Mediante essa realidade, quando sobra até para um ex-relator da ONU declarar em entrevista recente que a Reforma Agrária é estratégica para o desenvolvimento e que o Brasil faz uma política contrária a agricultura familiar, é sinal que temos muito a refletir e atuar. Dar início a construção de um planejamento de Estado em longo prazo para encarar a questão das reformas agrária e urbana no país, bem como os debates sobre soberania e o auto-abastecimento alimentar, parece ser estratégico para planejar a autonomia e a soberania nacional para as próximas décadas.
Os dados aqui trazidos além de nos poderem fazer pensar um pouco sobre a realidade têm como objetivo provocar e remeter a mais reflexões e possibilitar observar o meio rural sobre outras possibilidades. Apenas reestruturar o INCRA, fazer uso e cumprir as leis, aumentar o irrisório orçamento da questão agrária e dos assentamentos e etc.; dentro da racionalidade e do contexto no atual estágio vigente do capitalismo, parece ser um horizonte tangível por poucas possibilidades. Para alterar as respostas que estamos tendo e produzindo, vamos ter que elaborar outras perguntas.
O exercício de como formular outras questões precisamos continuar perseguindo. Mas para isso, essas questões podem ser feitas em conjunto e a partir das diversas experiências e anseios já existentes no seio da agricultura familiar, camponesa e dos povos e comunidades tradicionais para elaborar outro projeto de desenvolvimento rural tendo a reforma agrária, não como opção, mas como uma das condições, para viabilizar s projetos de vida e produção dos povos e comunidades no meio rural brasileiro.


[1] Chama-se a atenção que o INCRA na formulação dos seus dados registra todas as famílias que tiveram suas posses regularizadas, ou que tiveram seus direitos nos assentamentos antigos reconhecidos, ou foram reassentadas em virtude da construção de barragens, como se fossem assentamentos novos.
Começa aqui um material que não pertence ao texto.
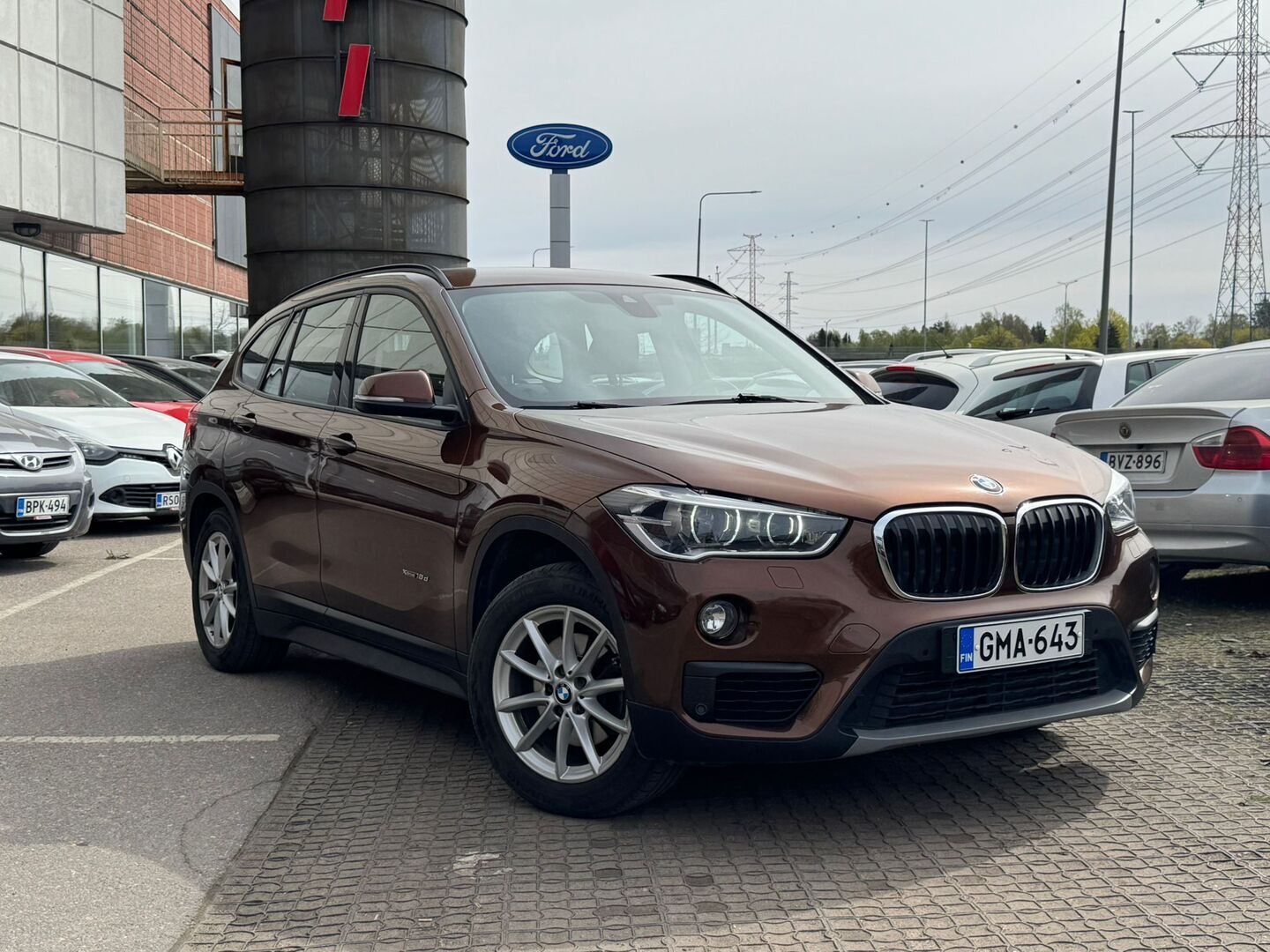 BMW X1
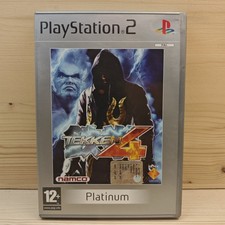 Tekken 4 - Pal Ita Platinum -
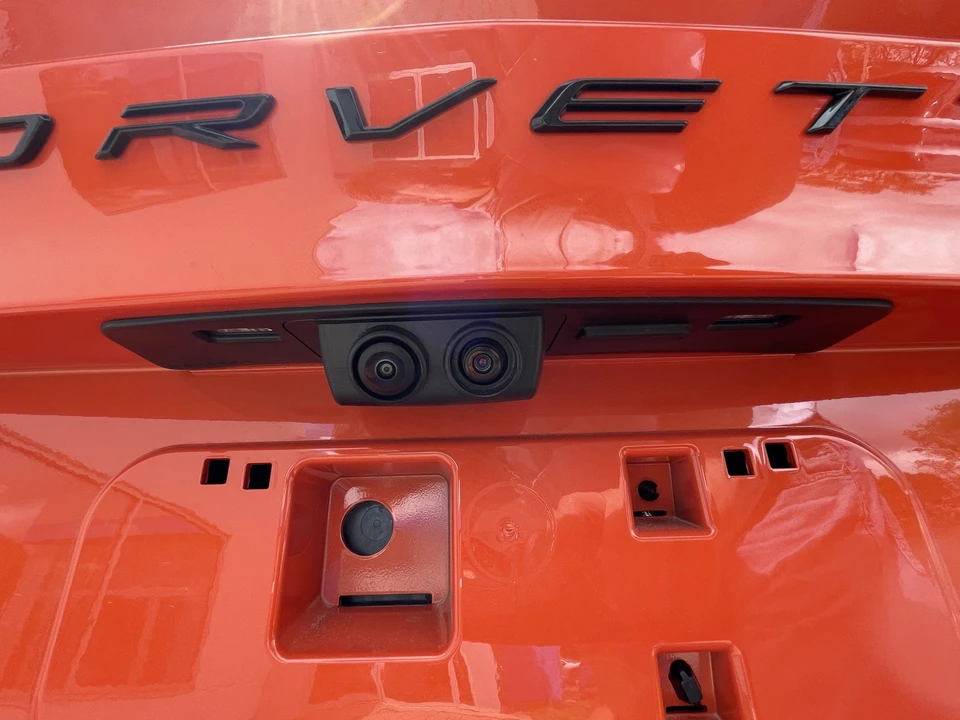 2027 Chevrolet Corvette C8 ZR1 - Image 29 of 31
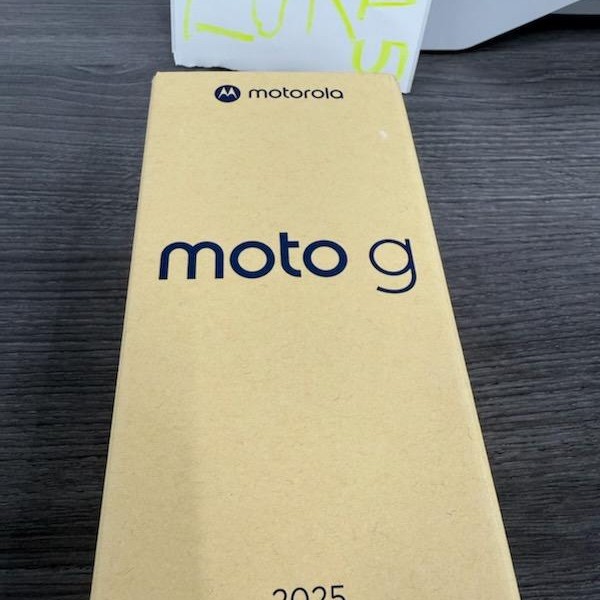 Moto G 5G (2025) - Unlocked, Gray, 128 GB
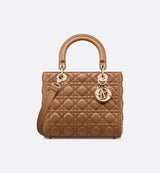 Medium Lady D.i.o.r Bag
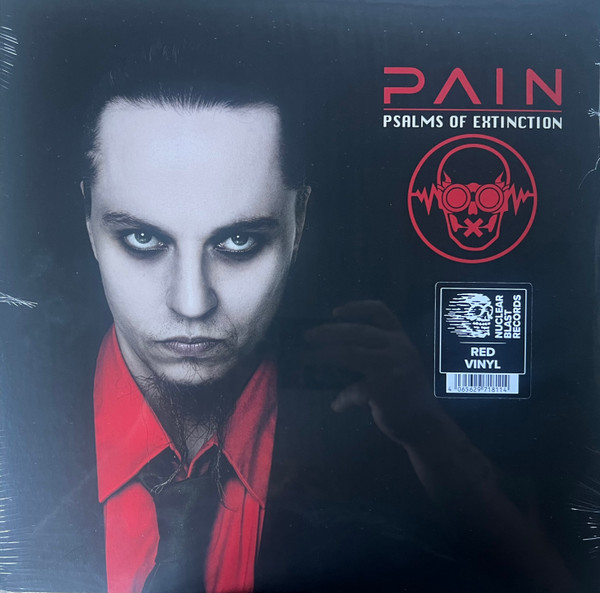 PAIN – PAIN – PSALMS OF EXTINCTION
Isto é, está ocorrendo uma sobreposição e dados novos com antigos e a possibilidade de imprecisão dos mesmos.
[2] BUCKLAND, J. International obstacles to rural development: how neoliberal policiesconstrain competitive markets and sustainable agriculture. Canadian journal of developmentstudies. v.XXVII, n.1, jan.2006. Otawa: CASID/ACEDI, 2006. p.9-24.